Market Sentiment Analysis:Machine Learning & NLP

This project investigates the potential relationship between news headlines and stock market trends, aiming to determine whether the sentiment and content within headlines can predict market movements.

I use natural language processing (NLP) techniques to process unstructured text data. All news headlines are converted to lowercase, and stopwords, punctuation, and special characters are removed to standardize the text. Tokenization is then performed to split the headlines into individual tokens. Lemmatization is applied using NLTK's WordNetLemmatizer, which reduces words to their base forms while leaving unchanged those not found in the WordNet corpus.

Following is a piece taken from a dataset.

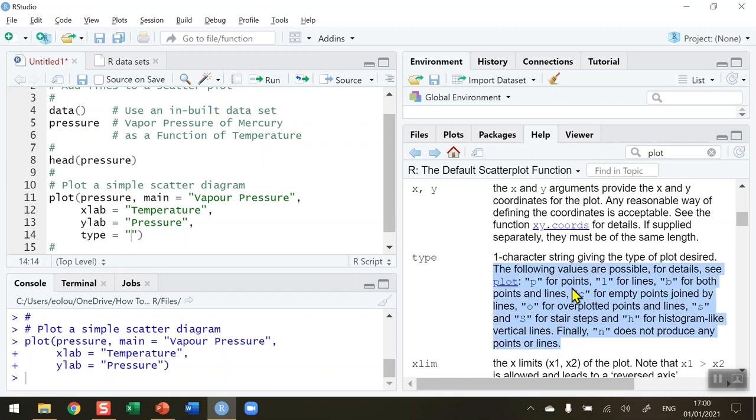The following values are possible: we can see a P for points (that's the default we've already seen), an L for lines, B for both points and lines, C for empty points joined by lines, and so on. So let's take a look at a few of these to add some lines to our plot.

Feature extraction and engineering techniques were applied to prepare the text data for analysis. TF-IDF (Term Frequency-Inverse Document Frequency) was used to transform textual data into numerical features by emphasizing term importance. Sentiment scores—positive, negative, neutral, and compound—were generated using the VADER model to capture the emotional tone of the text. Named Entity Recognition (NER) was employed to extract meaningful entities, such as organizations, adding further context to the data.

To evaluate model performance, various metrics were considered, including accuracy, precision, recall, F1 score, and ROC-AUC. The classification models—Random Forest, Logistic Regression, and Naive Bayes—were assessed based on their ability to predict stock price movements. In addition to the classification models, the linear regression model provided valuable insights into how sentiment and specific keywords influence the DJIA. By analyzing the regression coefficients, it was observed that certain words related to geopolitical issues, natural disasters, and health crises had a stronger influence on the DJIA. For instance, words like "cancer" and "hacking" were found to have a significant negative impact, indicating that such topics may trigger negative market sentiment.